By: Gregg LaGambina

A novelist writes novels, of course, but when you’re Nina Sadowsky, that’s just one small part of being a writer. Sadowsky didn’t even start writing her first novel until she was in her 40s, and much of her success can be attributed to her ability to flout convention and remain fearless despite the many odds stacked against her. Her tenacity has not only helped launch her career as a novelist, it’s why she became one in the first place.

Once upon a time, Sadowsky was an entertainment lawyer. She has also written, produced, and developed countless films and television shows for studios and networks from Disney to Lifetime. But she will be the first to tell you that when she reached a certain age, it was becoming more and more clear to her that her ideas were not being met with the same enthusiasm. Around that time, she also realized that her passion for writing had begun to wane. She could have complained, or accepted her situation, but that’s not how Sadowsky wanted to live her life. So, she did what any smart, ambitious person would do in her place – she reinvented herself.

It took her over a year of Sunday afternoons to get the first draft of her first novel, Just Fall, into shape to show a publisher. This was while she was simultaneously teaching a full course load at the University of Southern California’s School of Cinematic Arts. Since that first book was done and sold, she has already sold her second book (The Burial Society, out early next year) with a third on the way. She is also currently in talks about expanding one of her characters into a series of books. As for her debut, Just Fall is currently in development as a possible series for the STARZ network.

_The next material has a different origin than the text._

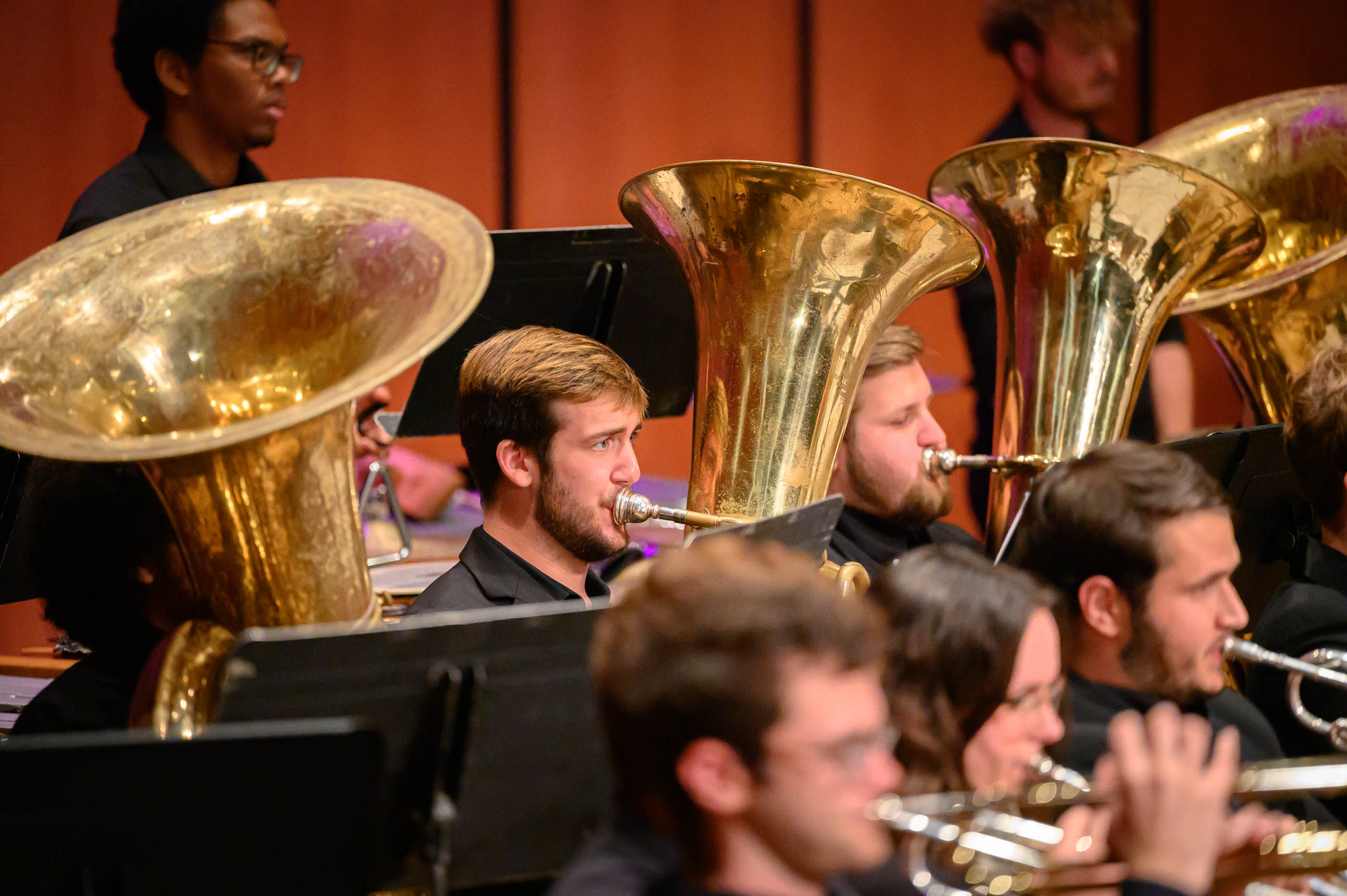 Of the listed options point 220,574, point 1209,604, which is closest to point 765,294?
point 1209,604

It is because of Sadowsky’s unique background, subsequent reinvention, and return to the world of film and television development – with her own intellectual property this time – that CreativeFuture decided to sit down with her to find out about all of the work a novelist does when they are not writing.

Gregg LaGambina: I was just reading that your first book might become a television series. 

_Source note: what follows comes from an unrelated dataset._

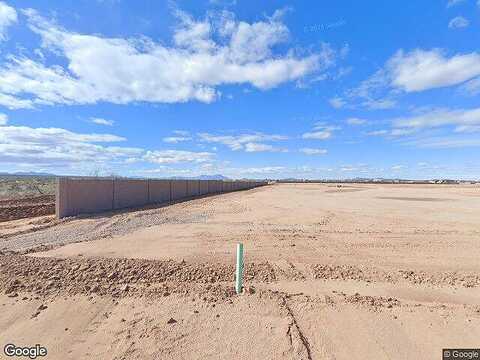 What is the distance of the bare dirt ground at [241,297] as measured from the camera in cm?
466

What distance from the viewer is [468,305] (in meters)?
5.92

Nina Sadowsky: That’s true. It’s in development.

GL: This is why your career is so fascinating to me. You came from that world of television and film and now you’re headed back into it, but from a totally different perspective.

NS: I suppose, in that way, I’m very unusual. I had one representative tell me – because I was very involved in the selling of the book to television too – “Most of my clients don’t care. They just want me to sell it!” I told him, “That’s not how I am.” I know the business and therefore can’t help but have opinions! I partly wrote the first book because, honestly, I was feeling frustrated. I was feeling very old and very female in every room I walked into. I was really frustrated by this because I’ve only gotten better at what I do.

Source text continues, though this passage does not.